**What needs to be done:** Since only part of the material below is wanted, output exactly the lines from the one with "Tuần lễ hoa" up to and including the one with "Kwiaciarnia Niezapominajka".

**Data for review:**

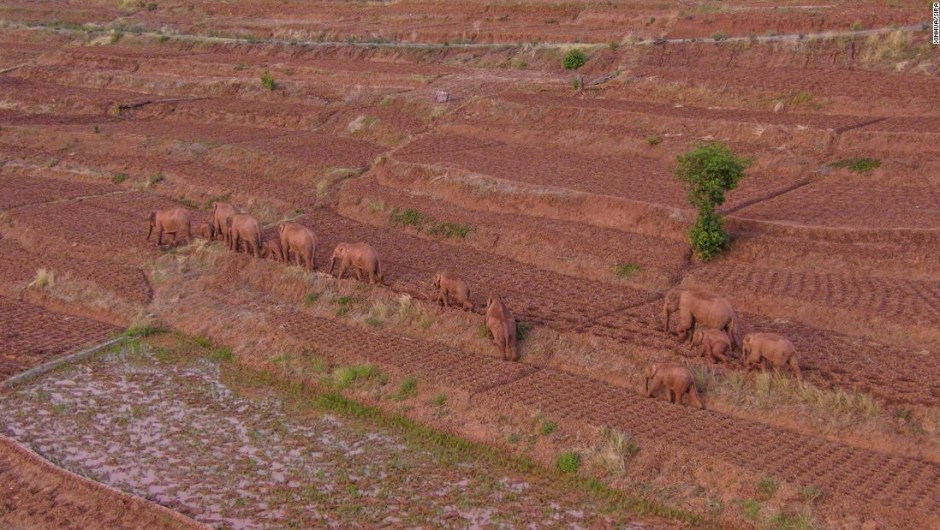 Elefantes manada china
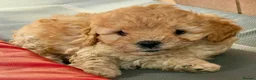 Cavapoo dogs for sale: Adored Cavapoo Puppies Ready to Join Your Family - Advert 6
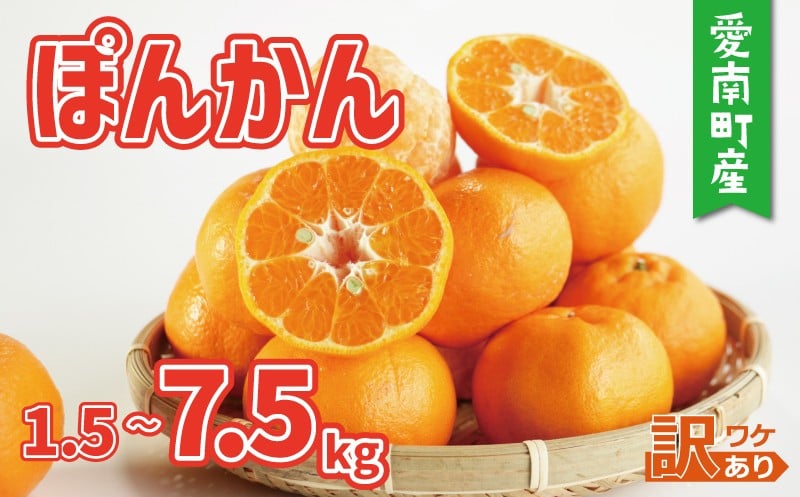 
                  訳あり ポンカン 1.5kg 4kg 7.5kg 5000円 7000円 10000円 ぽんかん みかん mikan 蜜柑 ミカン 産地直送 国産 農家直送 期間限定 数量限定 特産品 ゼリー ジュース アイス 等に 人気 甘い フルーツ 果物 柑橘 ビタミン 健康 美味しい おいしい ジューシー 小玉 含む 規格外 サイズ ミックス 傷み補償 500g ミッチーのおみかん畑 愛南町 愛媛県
...
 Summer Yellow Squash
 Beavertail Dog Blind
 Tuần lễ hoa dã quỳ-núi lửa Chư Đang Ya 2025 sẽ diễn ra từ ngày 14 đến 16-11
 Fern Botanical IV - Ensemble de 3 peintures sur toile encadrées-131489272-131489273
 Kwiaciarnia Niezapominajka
--
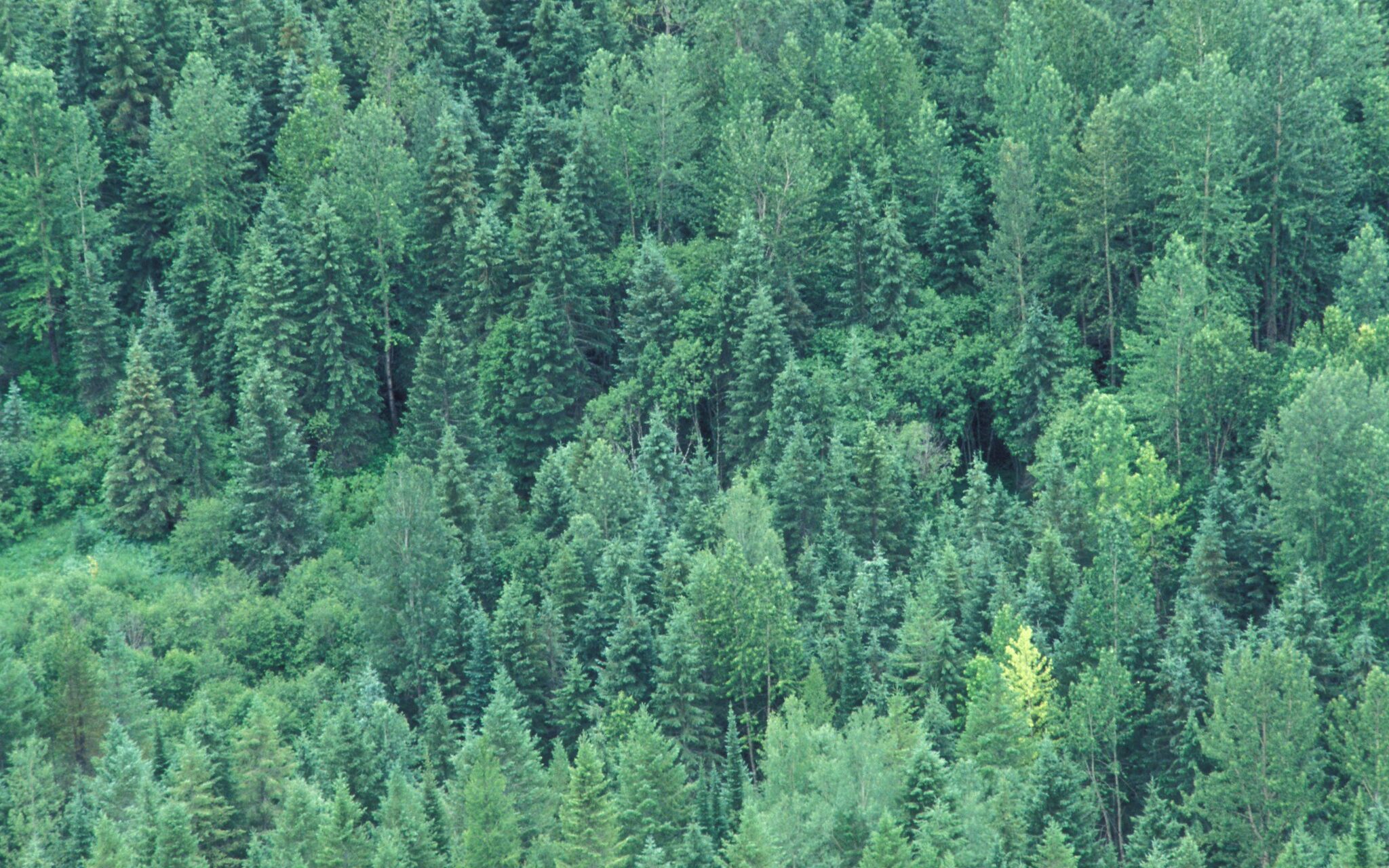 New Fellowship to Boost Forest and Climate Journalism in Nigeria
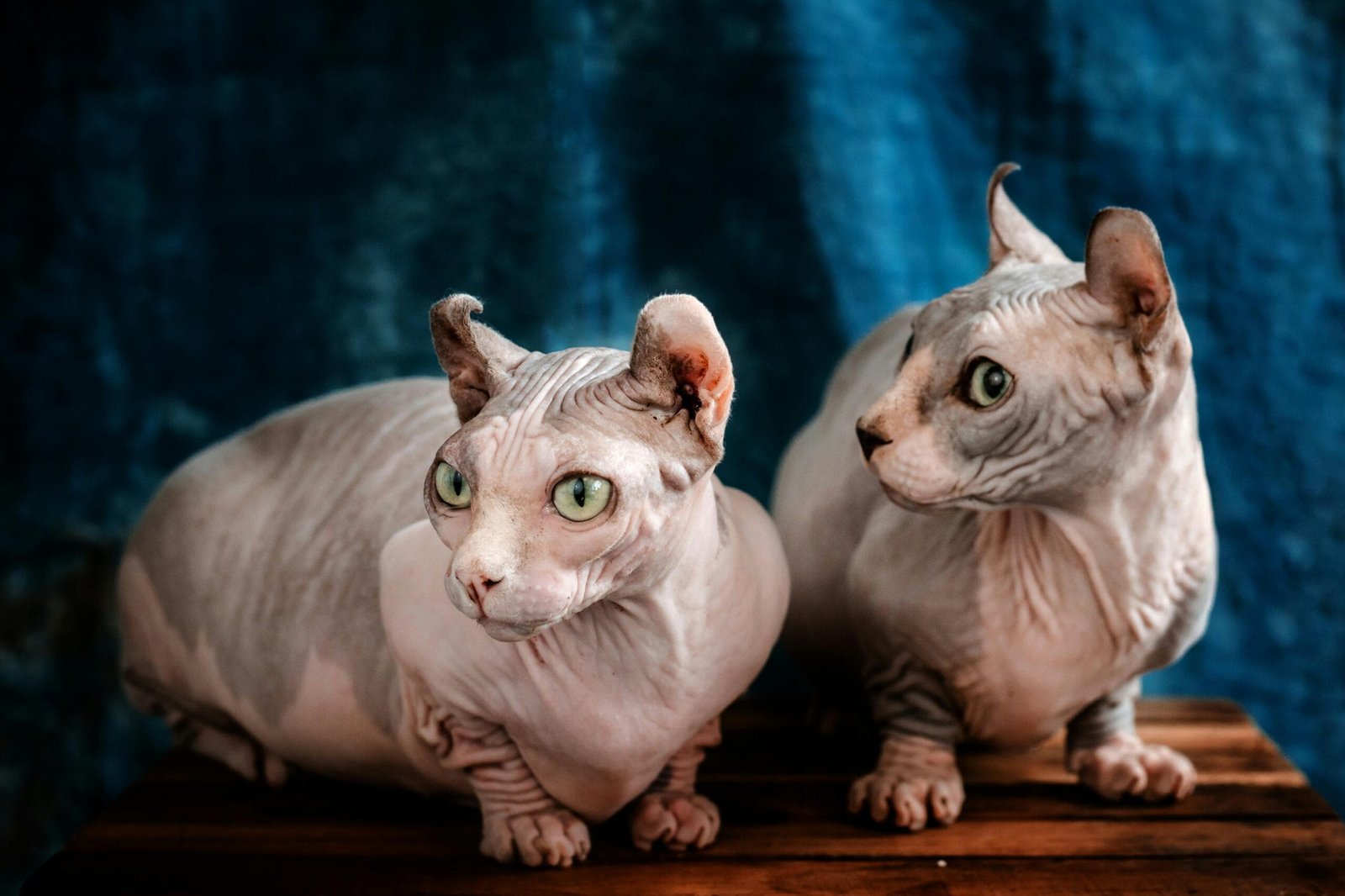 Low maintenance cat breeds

**Result for this task:**
 Tuần lễ hoa dã quỳ-núi lửa Chư Đang Ya 2025 sẽ diễn ra từ ngày 14 đến 16-11
 Fern Botanical IV - Ensemble de 3 peintures sur toile encadrées-131489272-131489273
 Kwiaciarnia Niezapominajka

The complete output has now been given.